1. Downtime doesn't matter. 2. Paying someone else (eg. AWS) to manage redundancy and fail-over.

It just feels crazy to me that Postgres still doesn't have a native HA story since I last battled with this well over a decade ago.

groundzeros2015 6 hours ago | parent | prev | next [-]

You exceeded the step of maxing out the best server you can buy?

throwaway7783 6 hours ago | parent [-]

HA is not about exceeding the limits of a server. Its about still serving traffic when that best server I bought goes offline (or has failed memory chip, or a disk or... ).
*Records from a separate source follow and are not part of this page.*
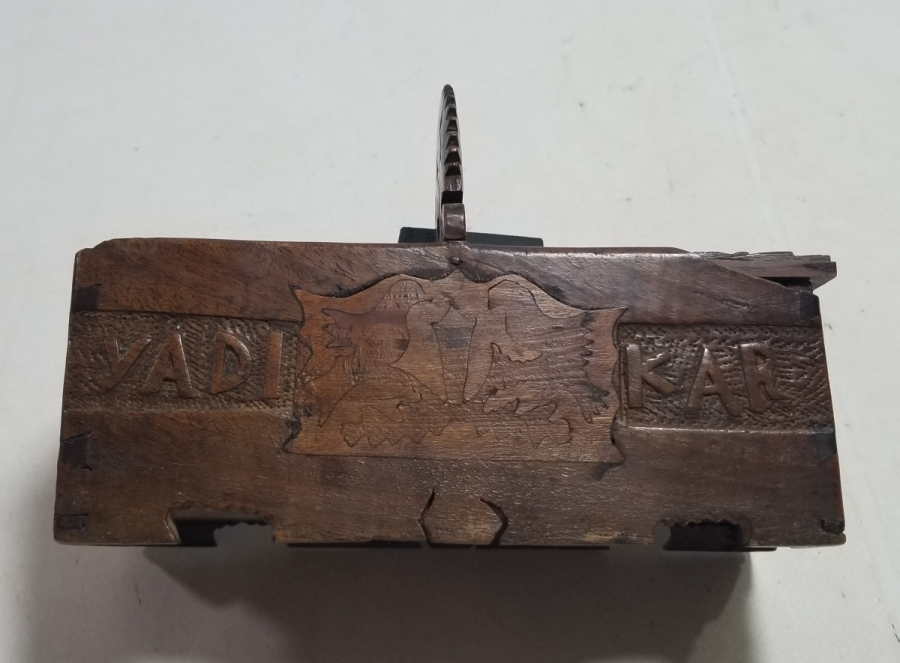 EL OYMA İŞÇİLİKLİ ANTİKA KAHVE KUTUSU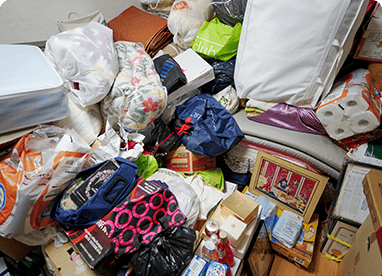 준영이와 할머니가 함께 살고 있는 좁은 집에 쌓여있는 수많은 짐들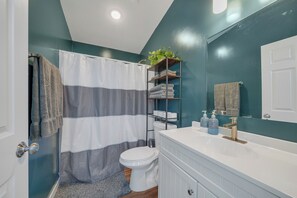 Hair dryer, towels - Salt & Spruce | King Bed • Walk to Beach | Pet Friendly (Rockaway Beach)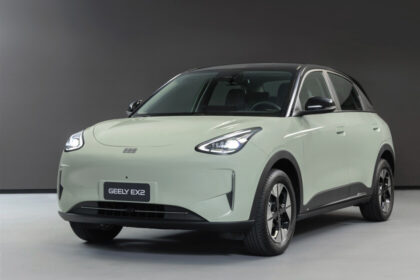 Automóvil más vendido en China se presenta como vehículo eléctrico económico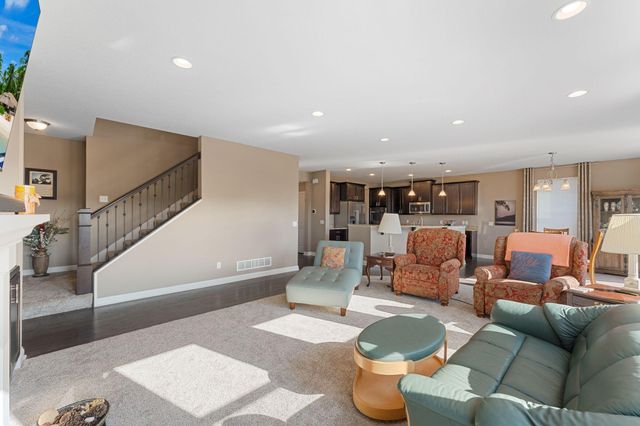 4014 Holasek Path, Chaska, MN 55318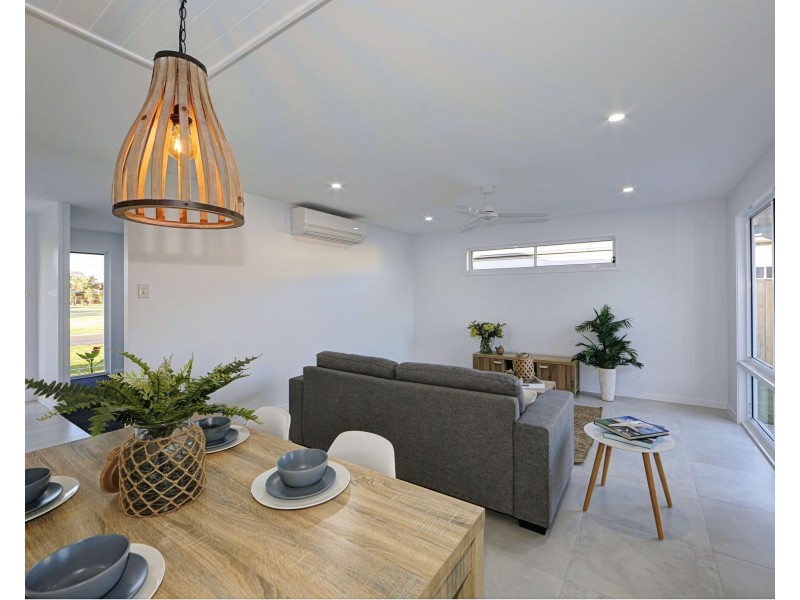 4 Beachside Circuit, Bargara QLD 4670
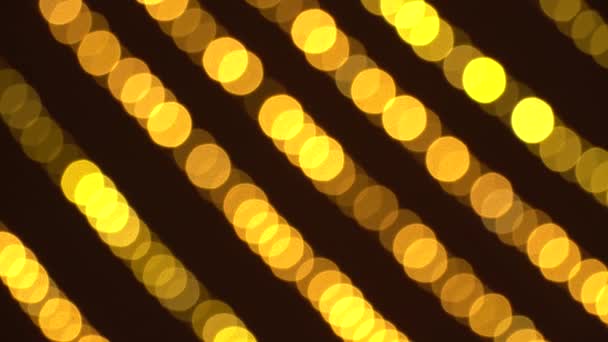 Bokeh van onscherpe nieuwe jaren flikkerende slingers. Mooie kerst achtergrond van warme gouden lichten. 4k Ultra HD — Stockvideo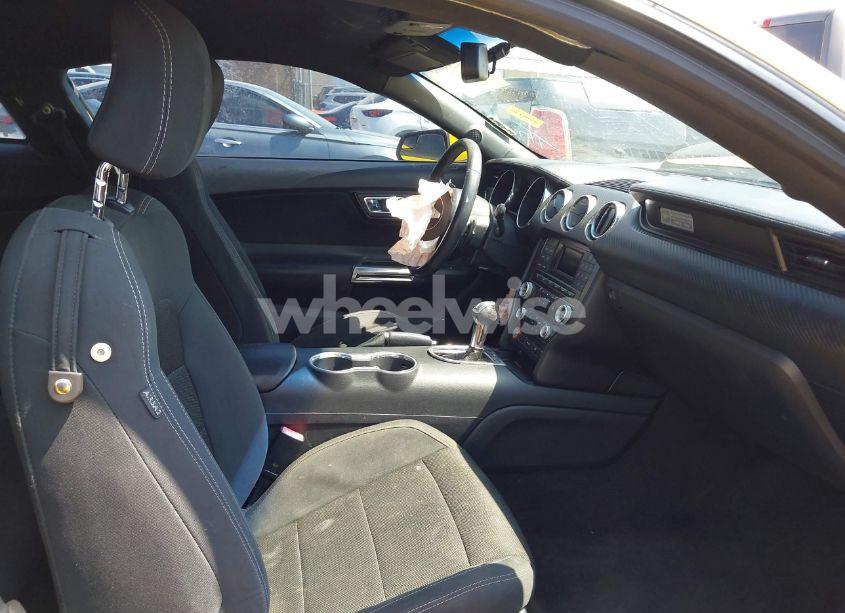 Photo 5 of 2016 Ford Mustang V6 (VIN 1FA6P8AM7G5286051)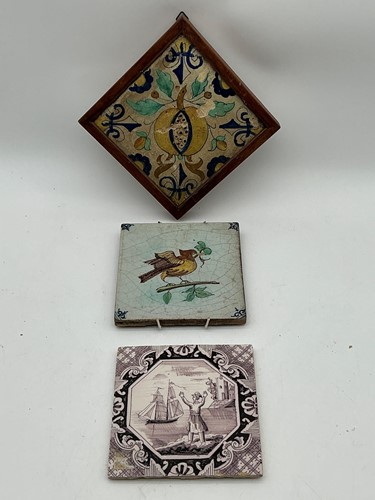 Lot 29 - An 18th century tile with polychrome...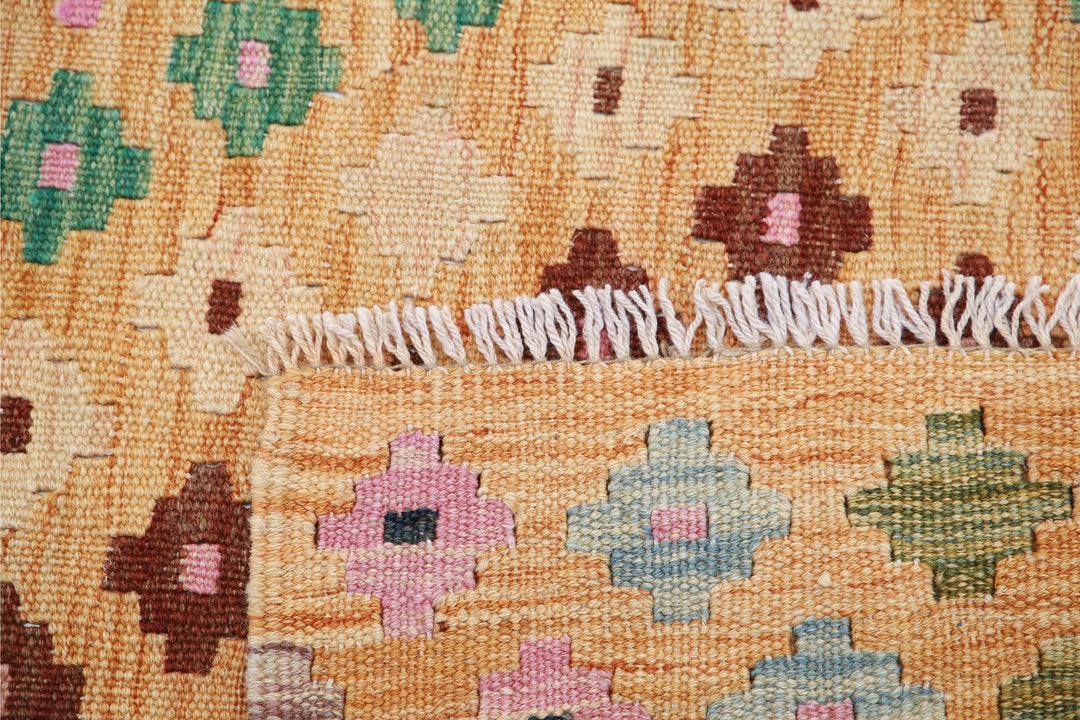 Kilim 4’ 10” x 6’ 4″ - No. AV95365 - ALRUG Rug Store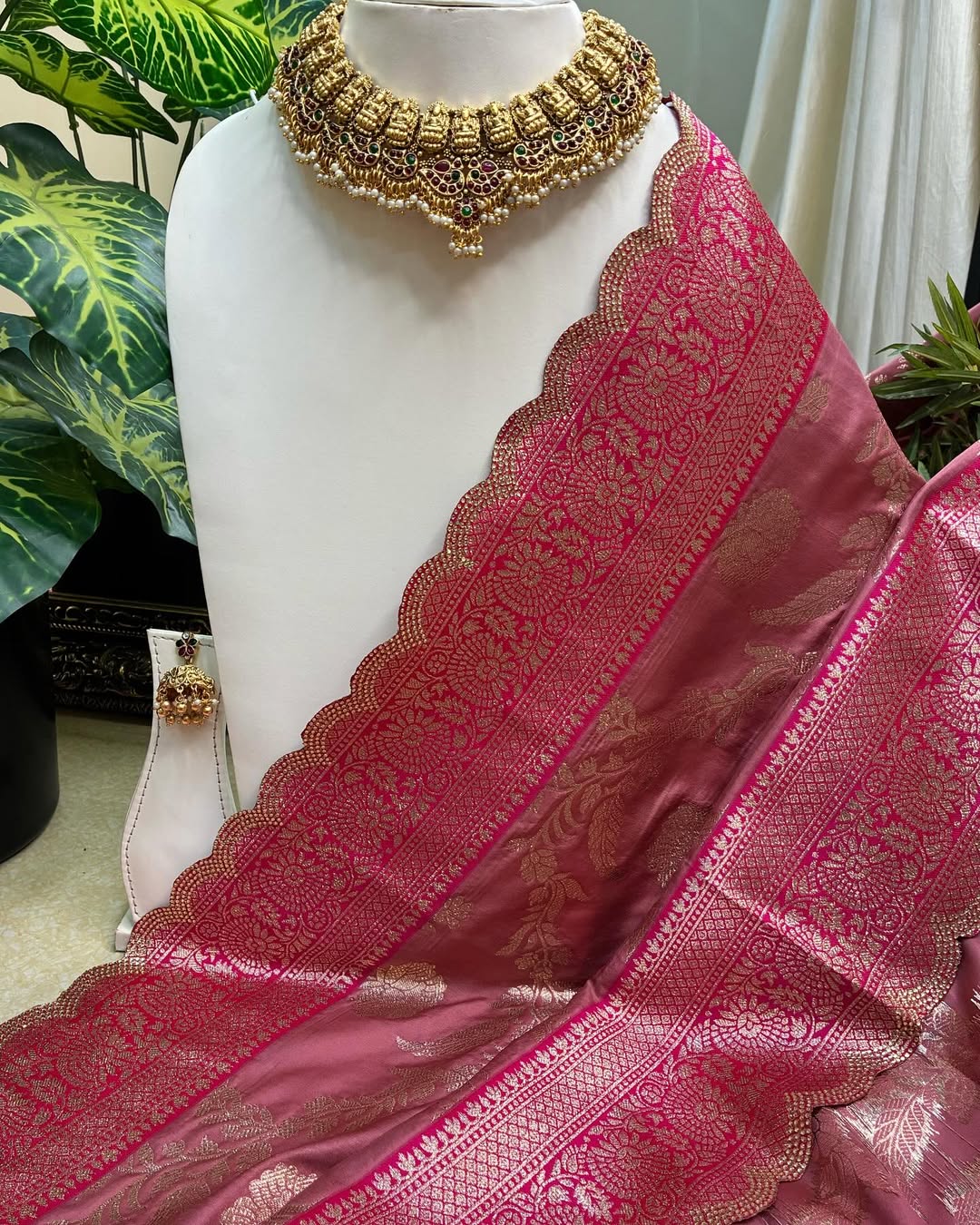 ONION PINK ART SILK SAREE WITH GOLDEN FLORAL BORDER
groundzeros2015 6 hours ago | parent [-]

Replication?

lima 5 hours ago | parent [-]

Postgres replication, even in synchronous mode, does not maintain its consistency guarantees during network partitions. It's not a CP system - I don't think it would actually pass a Jepsen test suite in a multi-node setup[1]. No amount of tooling can fix this without a consensus mechanism for transactions.

Same with MySQL and many other "traditional" databases. It tends to work out because these failures are rare and you can get pretty close with external leader election and fencing, but Postgres is NOT easy (likely impossible) to operate as a CP system according to the CAP theorem.

There are various attempts at fixing this (Yugabyte, Neon, Cockroach, TiDB, ...) which all come with various downsides.

[1]: Someone tried it with Patroni and failed miserably, https://www.binwang.me/2024-12-02-PostgreSQL-High-Availabili...

nrvn 7 hours ago | parent | prev [-]

Exactly my thoughts immediately after reading the word “just”. Also, PITR.